**AIM OF THE EXERCISE**
For the listing that follows, give again exactly the lines from the one with "Continental PremiumContact 6" to the one with "Guerras sucias Imagen de Guerras sucias", including both.

**DATA FOR REVIEW**

=====

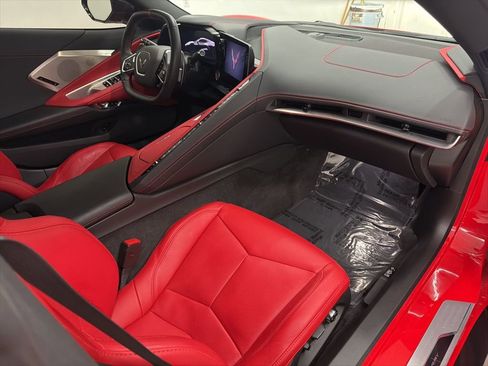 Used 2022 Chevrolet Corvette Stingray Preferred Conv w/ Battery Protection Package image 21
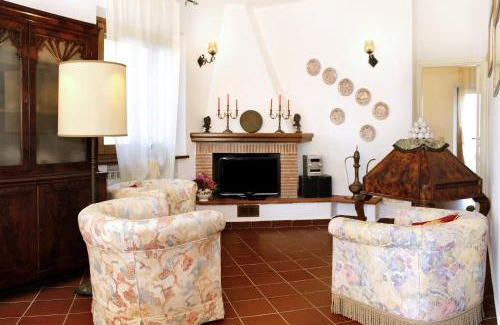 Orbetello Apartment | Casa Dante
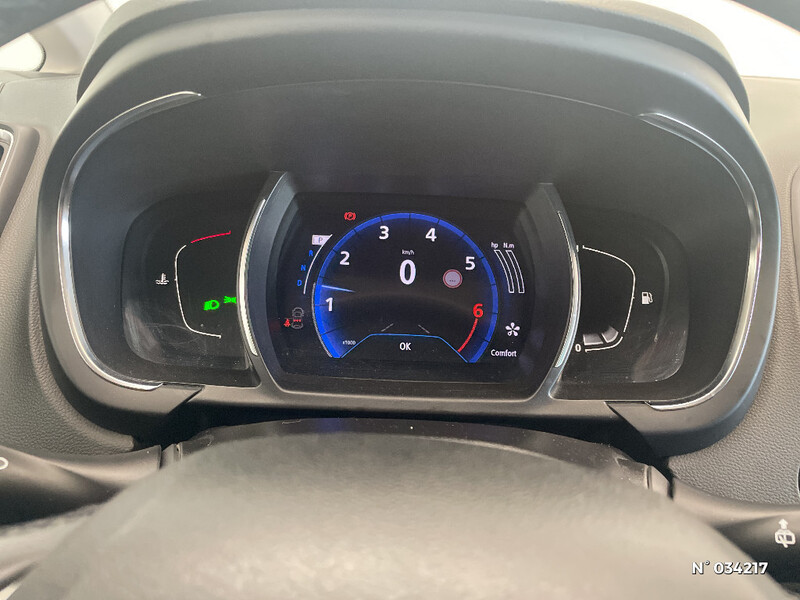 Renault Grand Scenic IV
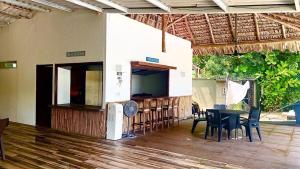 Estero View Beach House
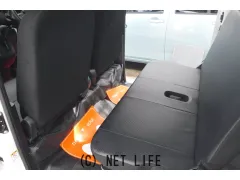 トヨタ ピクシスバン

=====

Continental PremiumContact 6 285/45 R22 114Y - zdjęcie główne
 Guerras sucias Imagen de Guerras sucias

=====

**THE ANSWER**
Continental PremiumContact 6 285/45 R22 114Y - zdjęcie główne
 Guerras sucias Imagen de Guerras sucias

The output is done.